Not a fish, but I wasn't sure where else to put this thread.
After planting my 10 gallon I've been experiencing some algae, so I took this as an excuse to buy my first snail. Nemo, the zebra nerite is now happily sliding his way through my tank feasting =). When I picked him up I also bought Hikari algae wafers just in case he manages to catch up with the problem. 
My question is should I give him wafers if there is algae in the tank? What do you feed your snails? What's your favorite type of snail to keep? 
Feel free to share advice, pics, and tips on snails. I chose a nerite snail due to the advice I picked up on this site and I'm very happy with him.


----------



## shellieca (Jul 12, 2012)

I have Mystery & Nerite snails, I love them both. I personally have not seen my nerite snails eating on a wafer or any veggies. That's not to say they don't when I'm not looking. My Mystery snails on the other hand eat on everything!


----------



## Chevko (Nov 15, 2012)

Honey typically does algae wafers with the occasional hunk of cucumber. She's a black Mystery. I'd say let Nemo finish off the algae in the tank then drop in half a wafer. I have the same exact brand you do and she likes them well enough. With the size she's at now, I drop in a full wafer. For a Zebra, I'd say do only half a wafer to start until you get a grasp on how much it eats every few days. I asked and got no response with how often to feed them, so I'm sticking with about two, three times a week, but Honey's also probably double the size of Nemo. *Shrug.*


----------



## Fin Fancier (Aug 11, 2012)

Thanks for the input. I've heard a lot of mixed reviews on Hikari betta pellets, so I wasn't sure about the Hikari algae wafers. 

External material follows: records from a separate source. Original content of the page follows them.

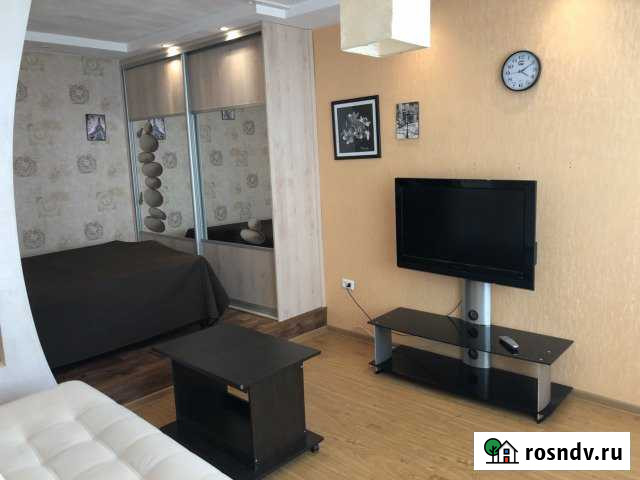 1-комнатная квартира, 42 м², 2/5 эт. в аренду посуточно в Златоусте Златоуст - изображение 1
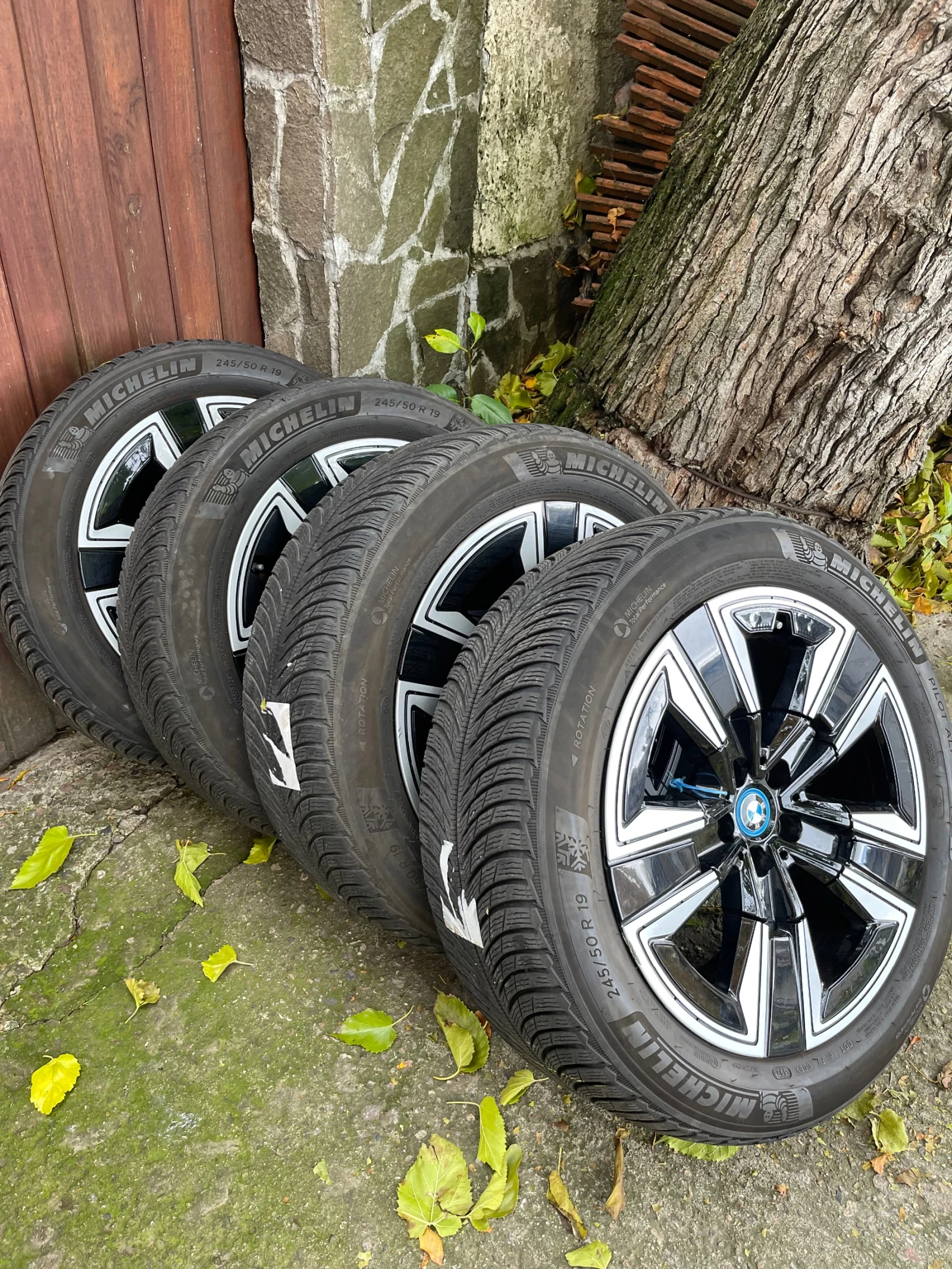 ���� � ������ 245/50R19 �� BMW iX3 | Mobile.bg � ����������� 5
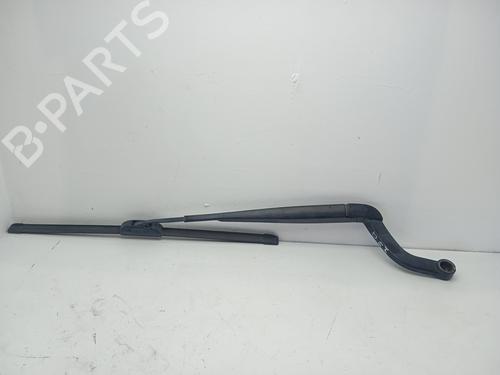 Used Front windshield wiper arm LAND ROVER RANGE ROVER SPORT I (L320) [2005-2013]  18549279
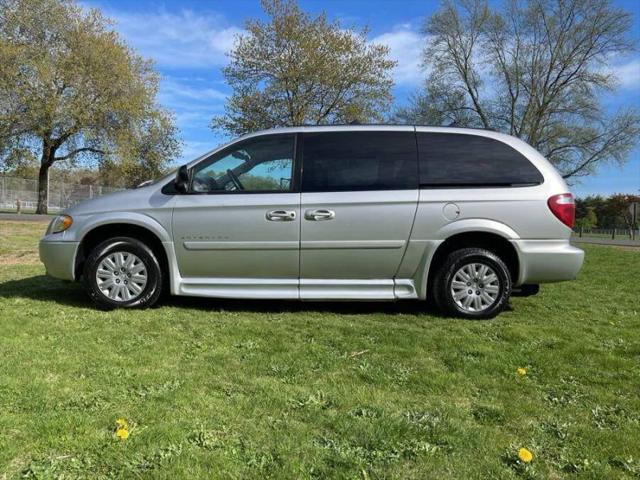2005 Chrysler Town & Country LX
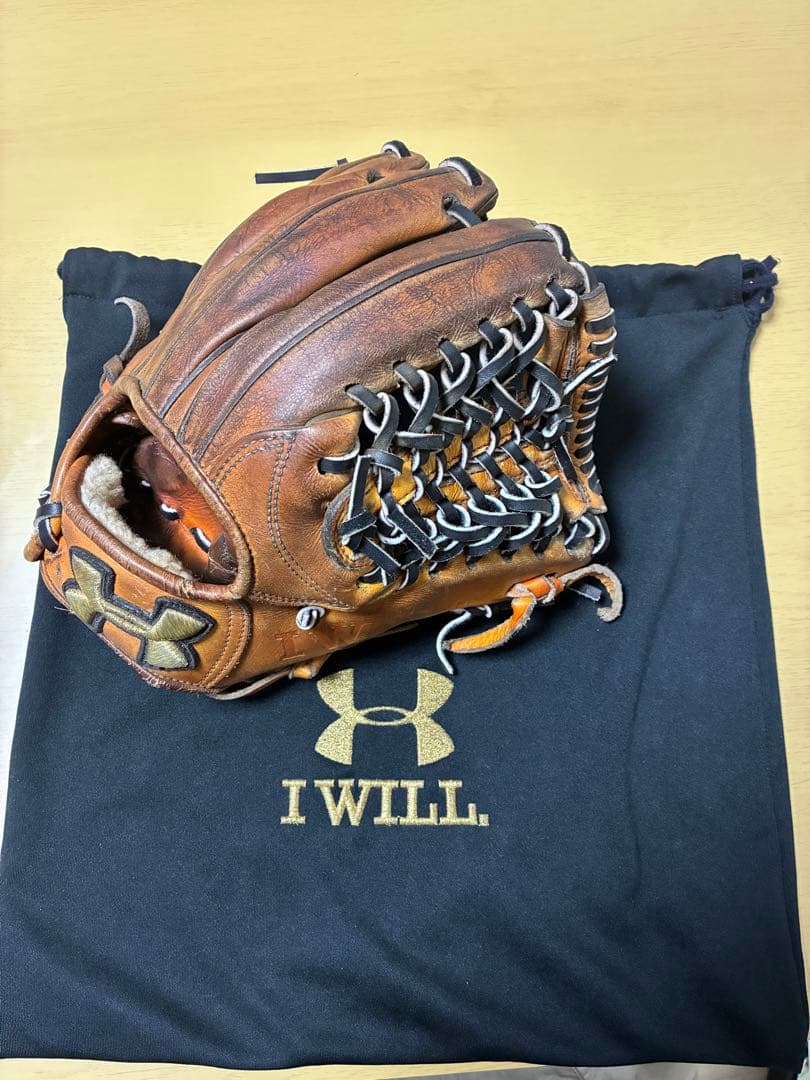 アンダーアーマー 硬式野球グローブ ・グラブ袋付き
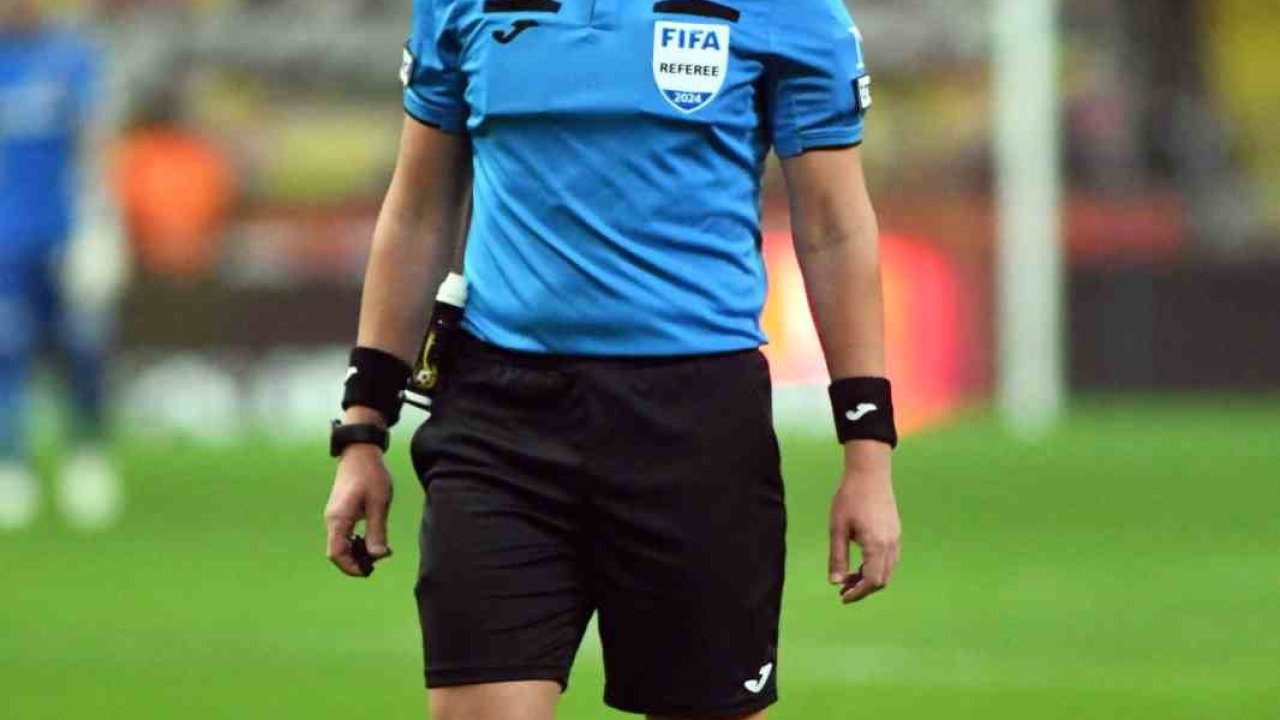 Başakşehir- Kayserispor maçında Kadir Sağlam düdük çalacak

Find the snail has become my new favorite game. When I find him, inevitably, Gills comes over to flare at him as though to remind me who I should be paying attention to.


----------



## BeautifulBetta123 (Aug 27, 2012)

My apple snails will eat anything XD Freddie or Fred for short eats algae wafers and algae but my five new apple snails that i am getting this weekend for sure! will eat spinach, aquarium plant, green vegetables, and algae wafers! Feed your snail algae wafers even if there is algae, as they should have a choice and it is cool watching them munch on wafers XD


----------



## WolfHhowling (Apr 10, 2013)

Hikari algae wafers are the only ones I buy, they have garlic in them to promote digestive health.

My fish just love them... all my fish lol


----------



## Tikibirds (May 26, 2011)

I have seen my nerite eat the waffers but I dont have much algae in the tank. I put 1/2 of the waffer in there every 2-3 days


----------



## Fin Fancier (Aug 11, 2012)

Do any of you attempt to hide the wafers from the other fish in the tank, or do they generally leave them alone? Gills can be a bit of a piggy. I'm definitely going to have to try sticking some spinach in there for him too.


----------